En un arranque de furia, entró abruptamente a la pequeña sala. La mujer que se encontraba detrás de su escritorio dio un sobresalto en su silla y la miró fijamente. Sora se sintió idiota.

―Lo siento, la puerta no abría ―se excusó ahora tan nerviosa como cuando enfureció sin razón. Decir lo primero que se viene a la mente no funcionaba con ella.

La señorita Isagawa, como pudo leer en la placa de su escritorio, no le dijo ni le expresó absolutamente nada. Sora actuó con lo que tenía. ―Soy Sora Takenouchi; vine por lo de la entrevista. ―explicó estrechando la mano de la señorita quien aun la veía extraño.

―Si, ya lo tengo. Toma asiento, por favor.

La pelirroja hizo como debía, aun sin poder sacarse el pesimismo de la mente ni el pensamiento de que ya lo había echado todo a perder.

La secretaria comenzó a buscar algo en sus cajones, hasta que sacó una carpeta bastante delgada. Sora pensaba cómo debía empezar todo aquello; ¿acaso tenía que decir algo después de su nombre? ¿Debía empezar con sus fuertes y después dejarla hablar, o todo lo contrario? Preguntas como esas se arremolinaron en su mente.

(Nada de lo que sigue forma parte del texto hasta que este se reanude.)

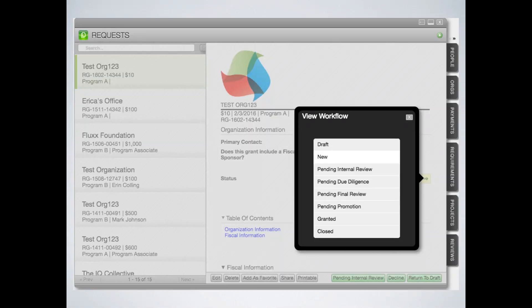Once you click on the green arrow to the right of the yellow status bar, a modal will pop up to view the entire workflow for the grant request theme. Note that these states will depend on the theme for which the workflow was built. The state is highlighted in white to indicate the step in the workflow that the record you are viewing is in. In this example, the record is in the new state.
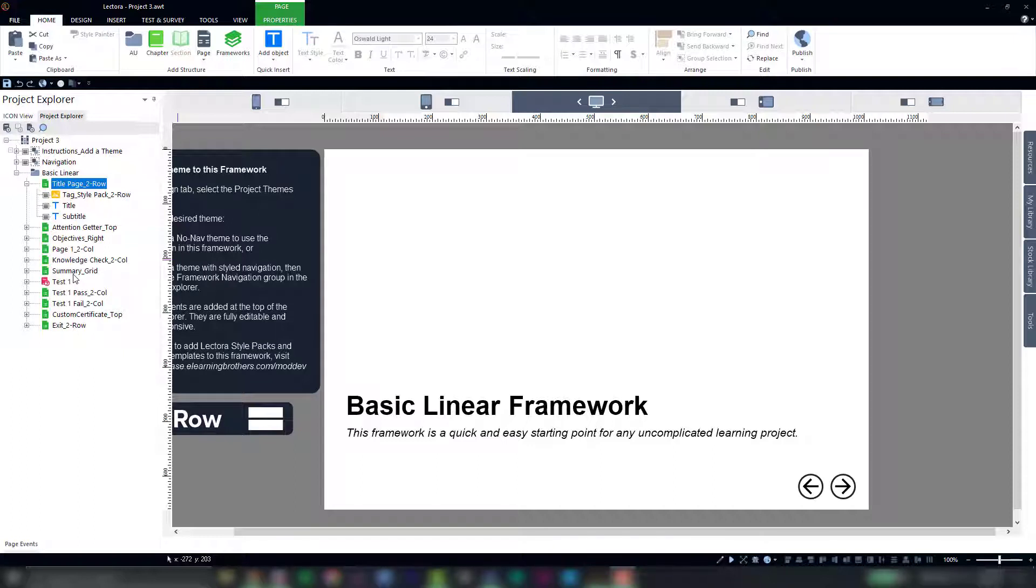Now the concept of themes in Lectora is not new, they've been around for quite a while, but we've redesigned themes to work perfectly within the ModDev workflow.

Isagawa se quedó quieta mientras la miraba un poco impaciente. Sora se preguntaba qué estaba pasando, incluso ya sudaba. La mujer señaló con sus ojos el sobre que Sora tenía en sus manos. Takenouchi lo vio como si lo acabara de encontrar.

Se lo extendió totalmente enrojecida, cada vez sintiendo más peso del que debía soportar. Isagawa no pareció notar nada además de la hoja donde leía los datos personales de la chica.

Isagawa le regresó sus datos como se los había entregado. ―¿Tienes alguna experiencia en este campo? Me refiero a algo en lo que hayas podido interferir, como estadísticas, manejo de datos, contaduría.

Eso se sintió como un strike. ―No. A decir verdad, he trabajado más informalmente.

―De acuerdo, al menos necesito que tengas una idea de lo que esto trata.

La chica suspiró, sintiéndose relajada, pero no más positiva.―No tengo mucha experiencia con este tipo de sistema, no había llegado tan arriba. Pero puedo decir que no me cuesta aprender; soy muy dedicada cuando tengo que serlo y no me tomo a la ligera las cosas. Cuando se me da una oportunidad, la aprovecho sin más. Posiblemente no parezca mucho, pero en verdad se que puedo dar la talla. ―terminó su seudo discurso, sintiendo que acababa de mentirle y que la señorita lo notaba. Si se hubiera escuchado diría que sonó como si hubiera copiado ese discurso. Además, de seguro su cara mostraba todo lo contrario de lo que había dicho.

Isagawa asintió sin parecer conmovida, lo cual Sora ya daba por hecho. La mujer seguía leyendo algo de su carpeta, tal vez buscando algo que pudiera aplicar a la pelirroja.

Igual, a partir de ese entonces Sora sabía que la entrevista sería muy corta. Mientras la veía buscar y rebuscar entre esos papeles sintió muchas ganas de echarse a reír. Muy en el fondo sabía que estaba volviéndose loca, pero la antigua Sora aun quería ocultarlo. Sólo sonrió amargamente, burlándose de si misma y de cómo terminaban las cosas en su vida, después de haberles puesto tanto empeño. Hacía ya mucho que no se sentía tan pequeña y patética, y todo por la ausencia de una sola persona…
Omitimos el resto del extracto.